A esse respeito, aliás, é muito revelador que ele diga o seguinte:  “câmbio, os juros e as projeções de crescimento (…) estão sendo recalculadas para melhor. O próximo passo é a reforma tributária. Estou muito convicto de que nós vamos ter um choque de produtividade na economia brasileira com a reforma tributária, que é o nosso principal gargalo. O Brasil não vai avançar sem enfrentar esse debate sobre produtividade. E, do meu ponto de vista, a produtividade está intrinsecamente ligada ao caos tributário. Não é possível avançar num ambiente tão hostil à concorrência justa, à transparência. Ninguém consegue planejar o longo prazo com o nível de insegurança jurídica tanto para o Fisco quanto para o contribuinte. A base fiscal tem de ser uma rocha.”

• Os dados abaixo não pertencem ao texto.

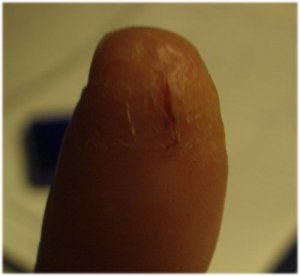 IMGP7809eczema2.JPG
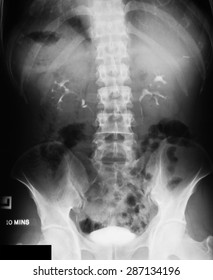 X-ray Image Of Intravenous Pyelogram (IVP), 10 Minutes Post Injection Of Contrast Media, Prone Position.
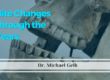 bite changes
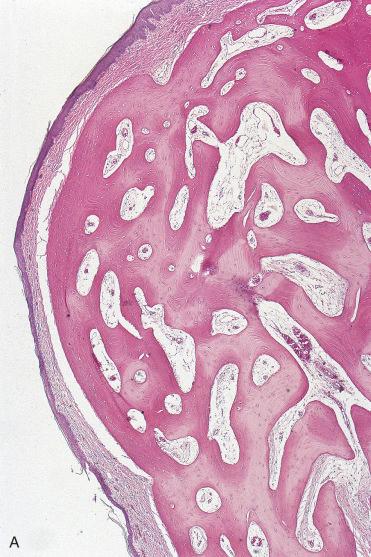 Fig. 3-24, Sinonasal osteoma.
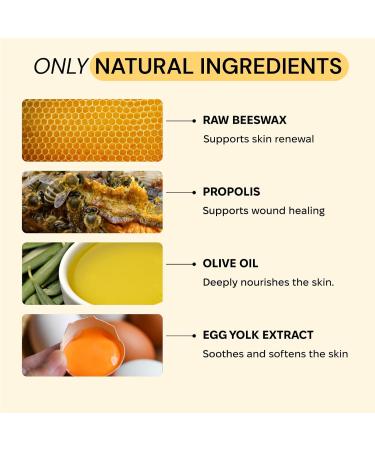 MyMagicHealer Universal Flare Care | Essential Oil Free | Relief for Rashes, Eczema, Psoriasis, Hidradenitis Suppurativa, Impetigo, Dermatitis, Wound Care, Sensitive Skin w/Propolis & Egg Yolk 4 oz 4 Ounce - Buy Online on GoSupps.com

De fato, precisamos de uma reforma tributária, especialmente de impostos sobre as grandes fortunas. Não basta, a esse respeito, combater a sonegação e rever isenções.

Mas a narrativa segundo a qual os problemas de “produtividade” na economia brasileira derivam do “caos tributário” provém da outra margem do rio. Assim como vêm da outra margem do rio raciocínios do tipo “Nós reoneramos os combustíveis, revertendo aquele populismo que tentou influir na eleição”.

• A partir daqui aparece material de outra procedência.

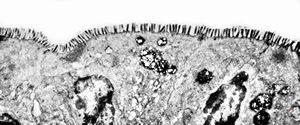 celiakia celiakia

E por falar em influir na eleição, Haddad afirma explicitamente o seguinte: “Tem uma pressão por gastos que nós temos de acomodar. Temos de equilibrar o Orçamento para que o senhor tenha a liberdade de corrigir injustiças sociais”. Isso tem de ser feito de maneira moderada, para que eu tenha espaço para cortar o gasto no patamar necessário. Não vai acabar o mundo se não for no primeiro ano, se for no segundo ano, porque o Brasil é grande demais, o Brasil tem reservas, o Brasil não tem dívida externa, o Brasil não é uma republiqueta que precisa sair correndo atrás de uma solução de um mês. Mas nós temos de sinalizar para a sociedade, para os investidores internacionais, que estamos numa trajetória consistente. É isso que estou fazendo”.

Entendo a lógica segundo a qual se deve “sinalizar para a sociedade” e, também, para os “investidores”. E concordo que o mundo não vai acabar “se não for no primeiro ano, se for no segundo ano”. O mundo de fato não vai acabar, mas governos podem “acabar” se não corrigirem as injustiças sociais com muita rapidez, se cometerem muitos erros políticos etc.

(Coloco na conta da edição enviesada de Veja a frase segundo a qual a correção das injustiças sociais deve ser feita de maneira moderada, “para que eu tenha espaço para cortar o gasto no patamar necessário”. Pois Haddad certamente não pensa isso, mas sim o contrário, ou seja, que os cortes de “gastos” devem estar à serviço da correção das injustiças sociais, e não o contrário.)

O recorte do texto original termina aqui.